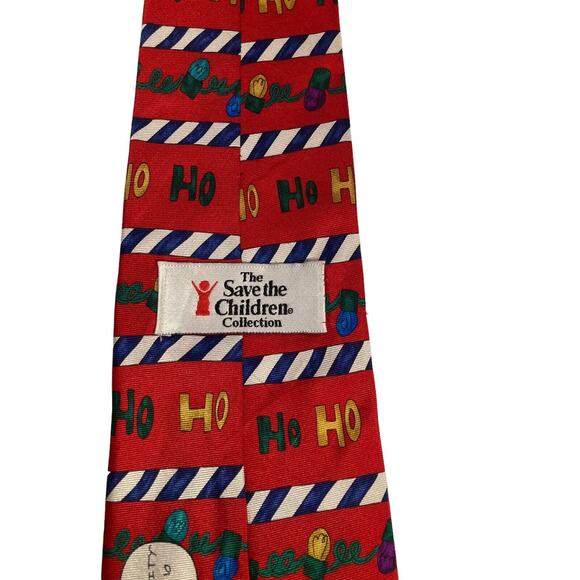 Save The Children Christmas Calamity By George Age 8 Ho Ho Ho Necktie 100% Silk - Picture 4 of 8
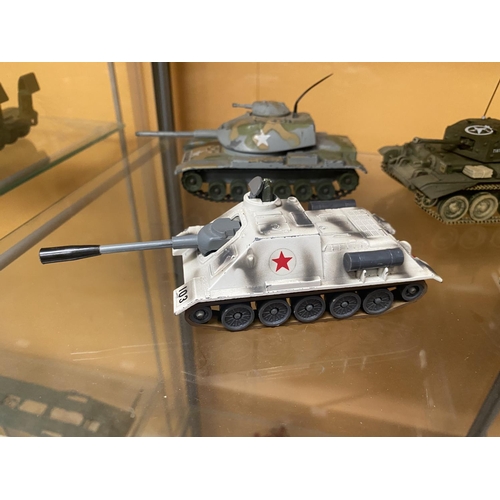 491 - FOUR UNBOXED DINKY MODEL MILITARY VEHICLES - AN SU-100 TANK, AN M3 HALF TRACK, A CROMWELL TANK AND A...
......
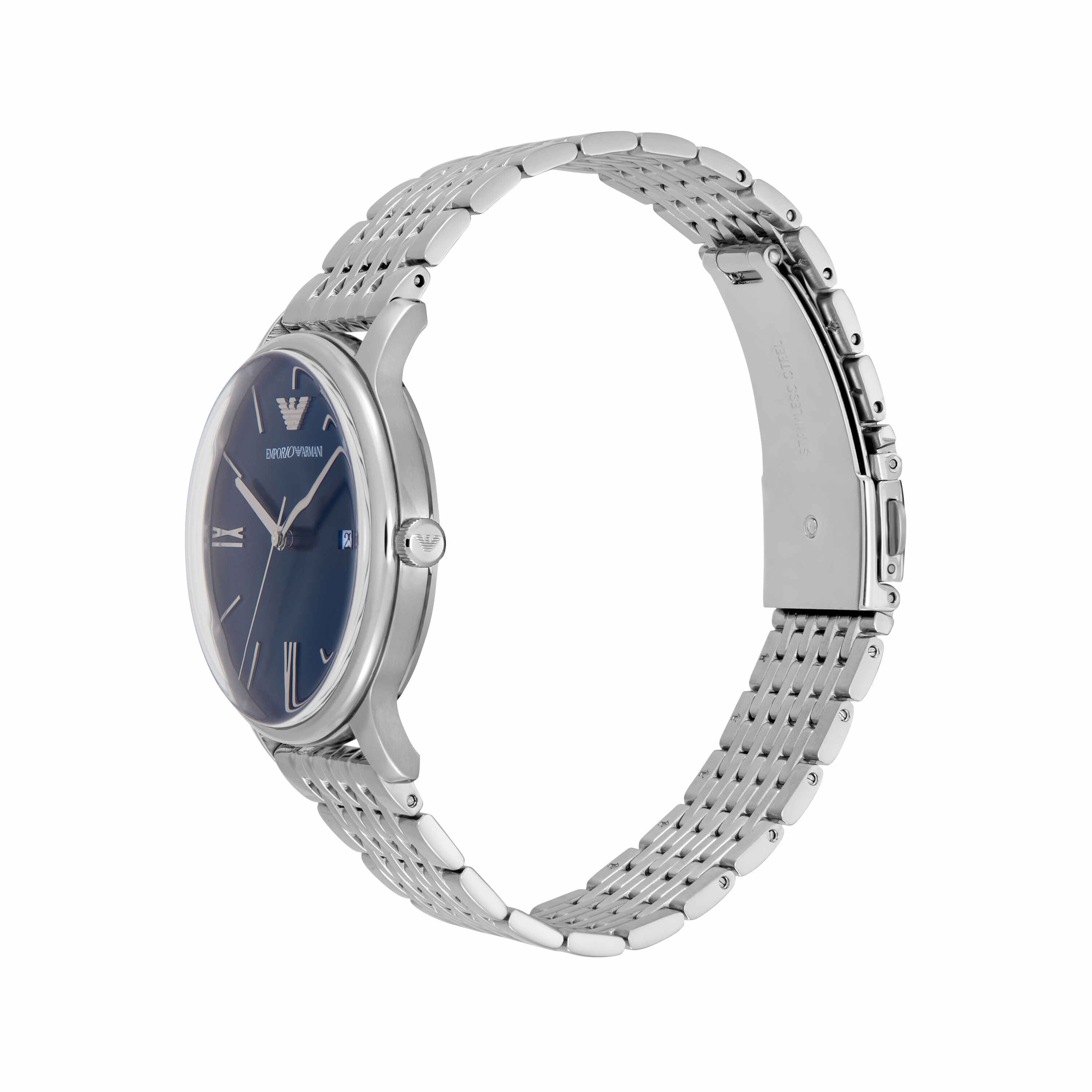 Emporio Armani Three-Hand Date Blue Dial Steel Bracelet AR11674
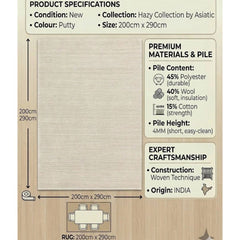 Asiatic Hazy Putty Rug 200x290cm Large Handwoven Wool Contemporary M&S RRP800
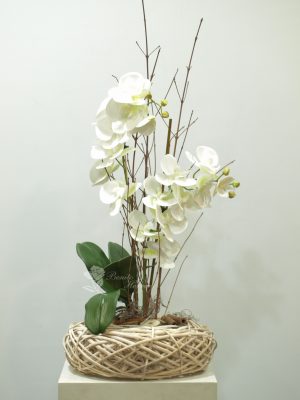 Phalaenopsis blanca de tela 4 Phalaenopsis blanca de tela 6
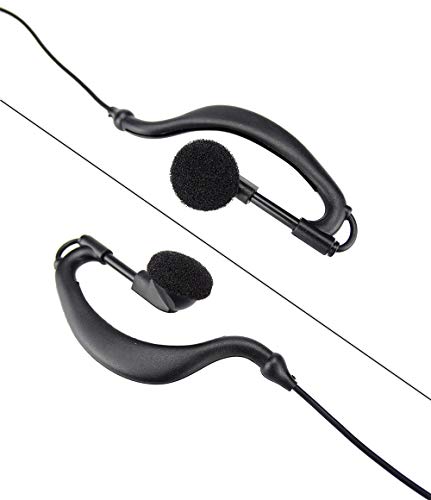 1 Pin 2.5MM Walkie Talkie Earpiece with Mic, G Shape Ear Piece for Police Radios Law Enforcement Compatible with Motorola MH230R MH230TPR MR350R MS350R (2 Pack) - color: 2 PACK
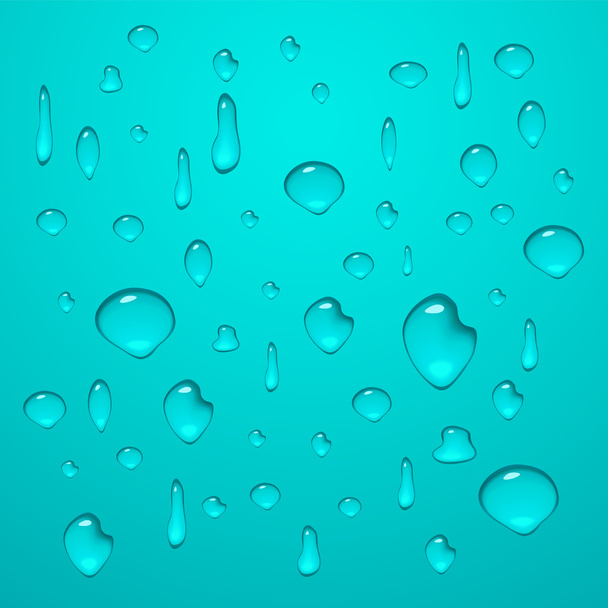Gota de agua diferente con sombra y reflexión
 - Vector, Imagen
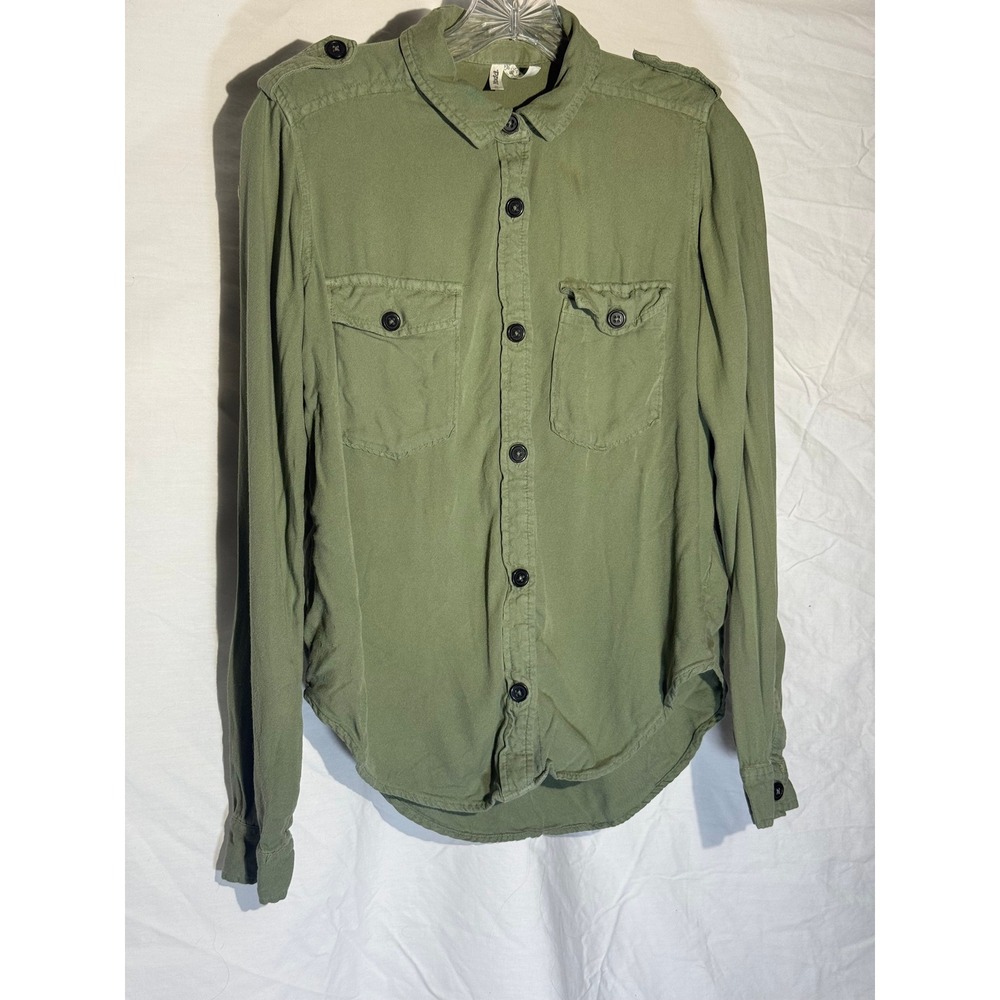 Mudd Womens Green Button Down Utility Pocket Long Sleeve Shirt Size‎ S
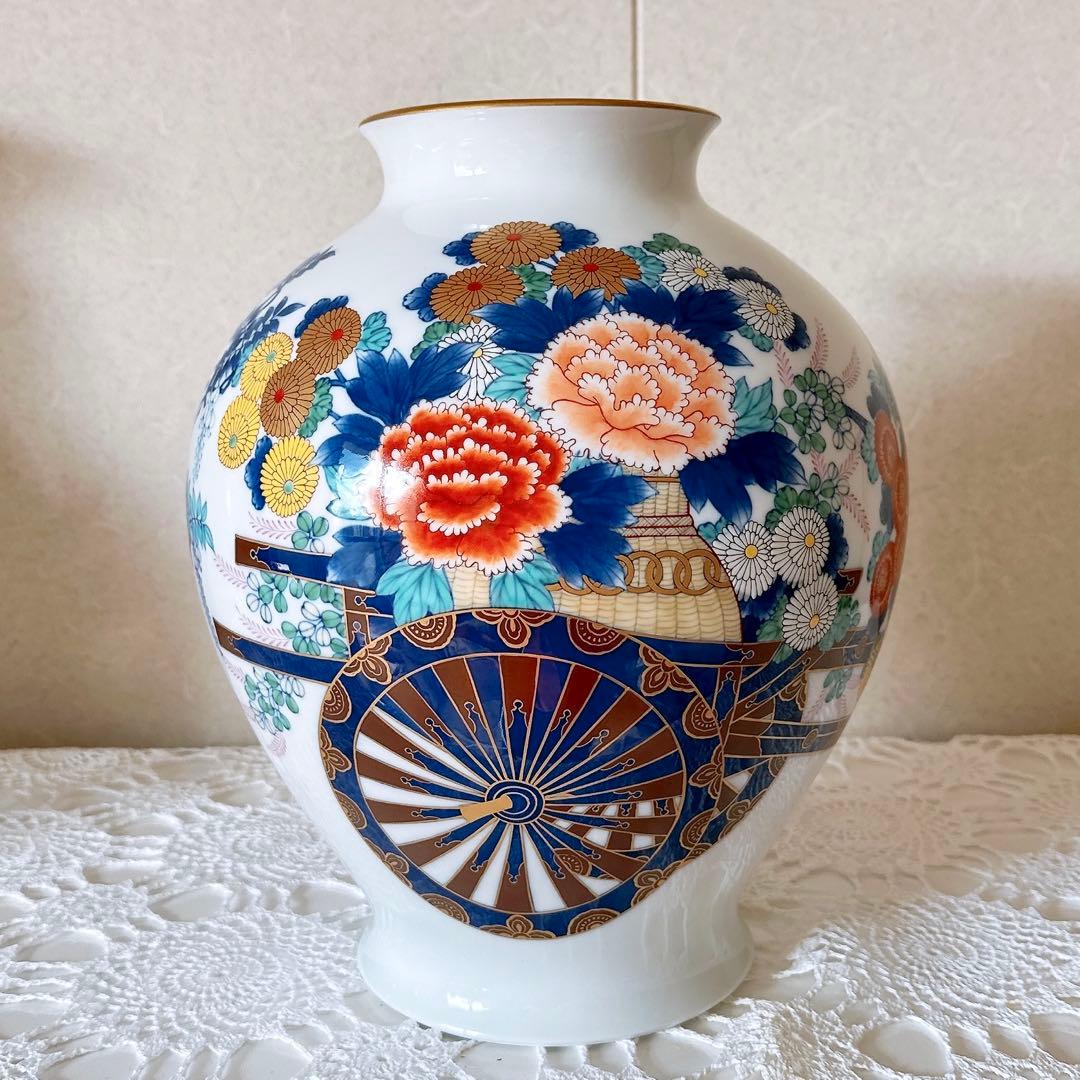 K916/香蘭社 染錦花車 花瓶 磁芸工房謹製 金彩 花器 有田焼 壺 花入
......
▸ Assignment
Return only the stretch above from the line containing "Mudd Womens Green" through the line containing "K916/香蘭社 染錦花車 花瓶 磁芸工房謹製 金彩 花器 有田焼 壺 花入", word for word and without pictures.

▸ Result for this task
 Mudd Womens Green Button Down Utility Pocket Long Sleeve Shirt Size‎ S
 K916/香蘭社 染錦花車 花瓶 磁芸工房謹製 金彩 花器 有田焼 壺 花入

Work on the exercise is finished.